INA226: Resistance of the shunt input

Hello Sebastion,

Thanks for considering to use Texas Instruments.  According to electrical characteristics table, the typical current you might expect at your inputs which will be drawn across your 10 ohm filter resistors is 10uA.  The builk of this current can likely be attributed to an internal VCM detection circuit that adjusts internal rails for various circuit stages when the common mode voltage exceeds the device supply voltage.  When the VCM exceeds VCC, this internal circuit pulls more current from the input pins as shown in figure 12 of the datasheet.  As for the impedance to the ADC, we do not specify that.  However, as it is a delta-sigma ADC, I expect a buffer stage near the front and therefore a high-impedance.  I will check with our design engineers and see if I can provide you with a value on Monday. 

Thank you very much Patrick,

Looking forward to more details.

Please note that I am also very interested in the suggested symmetry of the resisors as I would like not to ruin the CMMR.

Sebastian

Thanks,

How 139Kohm is related to 10uA bias current?

If impedance is 139k shoudl not the bias current be much lower?

Is there any chance to get a hint how the mismatch in resistor values would affect the accuracy ?

Best Regards
Sebastian

I mean

Is there any chance to get a hint how the mismatch in resistor values would affect the CMRR ?

Hello Sebastion,

In some of our newer devices we include IB vs Vsense plot such as in the example below (from INA240 datasheet).  However, older devices like the INA226 typically do not have them even though they have similar behavior.  In the second plot (from INA226 datasheet) you can see that once the common mode exceeds the supply voltage, the input bias current remains relatively unchanged.  This bump in bias comes from some circuitry that taps off from the bus to supply internal stages of the device.  This circuitry and what lies downstream can be equated to a current sink that is at some lower potential than your IN+ and IN-, the 139kohm corresponds to the impedance between the inputs and this sink.

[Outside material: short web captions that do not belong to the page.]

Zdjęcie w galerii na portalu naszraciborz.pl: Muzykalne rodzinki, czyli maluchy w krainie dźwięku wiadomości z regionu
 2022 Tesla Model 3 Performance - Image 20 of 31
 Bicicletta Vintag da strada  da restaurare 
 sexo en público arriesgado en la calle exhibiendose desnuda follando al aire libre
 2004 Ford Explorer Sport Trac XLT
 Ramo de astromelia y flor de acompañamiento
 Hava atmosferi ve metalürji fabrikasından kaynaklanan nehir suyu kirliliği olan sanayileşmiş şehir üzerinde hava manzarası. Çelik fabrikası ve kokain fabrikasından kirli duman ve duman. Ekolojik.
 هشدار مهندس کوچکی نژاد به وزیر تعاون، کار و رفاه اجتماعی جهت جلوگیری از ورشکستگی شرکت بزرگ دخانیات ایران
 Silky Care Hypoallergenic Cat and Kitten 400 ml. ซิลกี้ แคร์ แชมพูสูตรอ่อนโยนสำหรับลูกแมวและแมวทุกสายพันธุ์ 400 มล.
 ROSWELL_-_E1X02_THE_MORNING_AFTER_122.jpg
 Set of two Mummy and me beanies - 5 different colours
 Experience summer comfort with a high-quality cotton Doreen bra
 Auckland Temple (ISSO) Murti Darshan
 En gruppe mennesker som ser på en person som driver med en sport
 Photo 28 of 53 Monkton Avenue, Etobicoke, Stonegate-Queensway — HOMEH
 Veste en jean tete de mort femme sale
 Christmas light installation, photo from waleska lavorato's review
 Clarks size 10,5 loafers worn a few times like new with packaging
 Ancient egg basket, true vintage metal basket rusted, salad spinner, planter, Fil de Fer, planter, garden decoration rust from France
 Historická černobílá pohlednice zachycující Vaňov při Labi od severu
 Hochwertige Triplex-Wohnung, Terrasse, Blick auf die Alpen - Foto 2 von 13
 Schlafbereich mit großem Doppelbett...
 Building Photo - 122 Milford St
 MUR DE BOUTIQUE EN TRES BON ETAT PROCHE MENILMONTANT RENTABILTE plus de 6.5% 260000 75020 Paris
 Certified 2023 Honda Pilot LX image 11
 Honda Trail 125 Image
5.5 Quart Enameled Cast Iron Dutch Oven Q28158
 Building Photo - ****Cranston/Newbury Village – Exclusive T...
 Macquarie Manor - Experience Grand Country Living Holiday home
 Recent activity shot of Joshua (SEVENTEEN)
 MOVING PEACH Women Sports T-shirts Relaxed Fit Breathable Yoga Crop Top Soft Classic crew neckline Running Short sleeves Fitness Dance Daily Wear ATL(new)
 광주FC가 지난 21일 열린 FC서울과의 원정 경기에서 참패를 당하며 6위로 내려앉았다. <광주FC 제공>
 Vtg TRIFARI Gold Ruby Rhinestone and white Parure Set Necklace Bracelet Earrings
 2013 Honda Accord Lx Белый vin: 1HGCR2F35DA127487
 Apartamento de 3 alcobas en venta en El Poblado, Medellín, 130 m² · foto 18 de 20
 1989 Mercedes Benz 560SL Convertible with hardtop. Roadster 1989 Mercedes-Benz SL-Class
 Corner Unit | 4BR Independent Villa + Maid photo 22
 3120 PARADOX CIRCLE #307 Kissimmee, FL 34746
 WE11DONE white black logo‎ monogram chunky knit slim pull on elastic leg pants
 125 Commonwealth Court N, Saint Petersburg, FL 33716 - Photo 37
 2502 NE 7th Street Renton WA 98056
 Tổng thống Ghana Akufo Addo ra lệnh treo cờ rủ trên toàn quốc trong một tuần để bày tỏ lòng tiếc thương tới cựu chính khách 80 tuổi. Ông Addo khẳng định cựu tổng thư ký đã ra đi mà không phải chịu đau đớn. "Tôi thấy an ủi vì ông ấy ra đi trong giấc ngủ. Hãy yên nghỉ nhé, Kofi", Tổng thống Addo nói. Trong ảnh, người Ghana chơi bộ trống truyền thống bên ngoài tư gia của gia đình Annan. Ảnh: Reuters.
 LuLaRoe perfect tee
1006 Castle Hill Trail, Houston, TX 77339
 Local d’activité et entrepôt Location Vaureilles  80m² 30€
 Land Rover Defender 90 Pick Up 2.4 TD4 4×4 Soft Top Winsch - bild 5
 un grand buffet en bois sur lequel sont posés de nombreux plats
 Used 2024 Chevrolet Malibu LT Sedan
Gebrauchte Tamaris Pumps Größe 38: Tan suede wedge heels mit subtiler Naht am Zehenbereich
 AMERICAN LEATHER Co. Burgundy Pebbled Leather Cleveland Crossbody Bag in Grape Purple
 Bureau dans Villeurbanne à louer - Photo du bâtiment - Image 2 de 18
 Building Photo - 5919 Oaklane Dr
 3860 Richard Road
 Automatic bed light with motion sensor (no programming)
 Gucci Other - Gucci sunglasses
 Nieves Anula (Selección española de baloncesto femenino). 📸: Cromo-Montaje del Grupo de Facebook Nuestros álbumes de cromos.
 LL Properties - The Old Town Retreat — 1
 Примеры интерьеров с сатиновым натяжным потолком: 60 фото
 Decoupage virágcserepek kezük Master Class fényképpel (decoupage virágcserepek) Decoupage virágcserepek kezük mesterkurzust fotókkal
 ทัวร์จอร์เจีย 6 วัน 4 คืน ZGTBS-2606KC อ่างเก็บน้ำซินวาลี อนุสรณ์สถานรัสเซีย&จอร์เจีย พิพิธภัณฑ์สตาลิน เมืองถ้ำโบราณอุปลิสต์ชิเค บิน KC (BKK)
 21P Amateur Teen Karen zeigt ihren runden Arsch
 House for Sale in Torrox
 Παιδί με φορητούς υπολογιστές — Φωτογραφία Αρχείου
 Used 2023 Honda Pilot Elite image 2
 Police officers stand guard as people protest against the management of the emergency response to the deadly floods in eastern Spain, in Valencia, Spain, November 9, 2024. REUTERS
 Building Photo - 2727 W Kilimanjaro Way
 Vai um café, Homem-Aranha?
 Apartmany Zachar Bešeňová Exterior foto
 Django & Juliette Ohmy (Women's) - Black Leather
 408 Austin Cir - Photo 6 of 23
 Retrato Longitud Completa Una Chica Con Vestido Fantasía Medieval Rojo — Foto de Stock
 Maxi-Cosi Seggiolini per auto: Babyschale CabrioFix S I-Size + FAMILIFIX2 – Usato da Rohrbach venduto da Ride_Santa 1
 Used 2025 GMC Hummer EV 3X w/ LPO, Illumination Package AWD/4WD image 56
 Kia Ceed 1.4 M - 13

As for the error from mismatch, the resistor mismatch creates an offset that can increase the differential potential the ADC sees. In a simple case, we assume you have 1% resistors with the IN+ being 10.1ohm and the IN- being 9.9ohm. As vsense increases, IB+ rises and and IB- falls. If IB+=11uA and IB-=9uA. Then you will get an additional offset from these resistors equal to (10.1ohm*11uA)-(9.9ohm*9uA)=22uV. The error from this would then be 22uV/Vsense*100.

Hello Sebastion,

In some of our newer devices we include IB vs Vsense plot such as in the example below (from INA240 datasheet).  However, older devices like the INA226 typically do not have them even though they have similar behavior.  In the second plot (from INA226 datasheet) you can see that once the common mode exceeds the supply voltage, the input bias current remains relatively unchanged.  This bump in bias comes from some circuitry that taps off from the bus to supply internal stages of the device.  This circuitry and what lies downstream can be equated to a current sink that is at some lower potential than your IN+ and IN-, the 139kohm corresponds to the impedance between the inputs and this sink.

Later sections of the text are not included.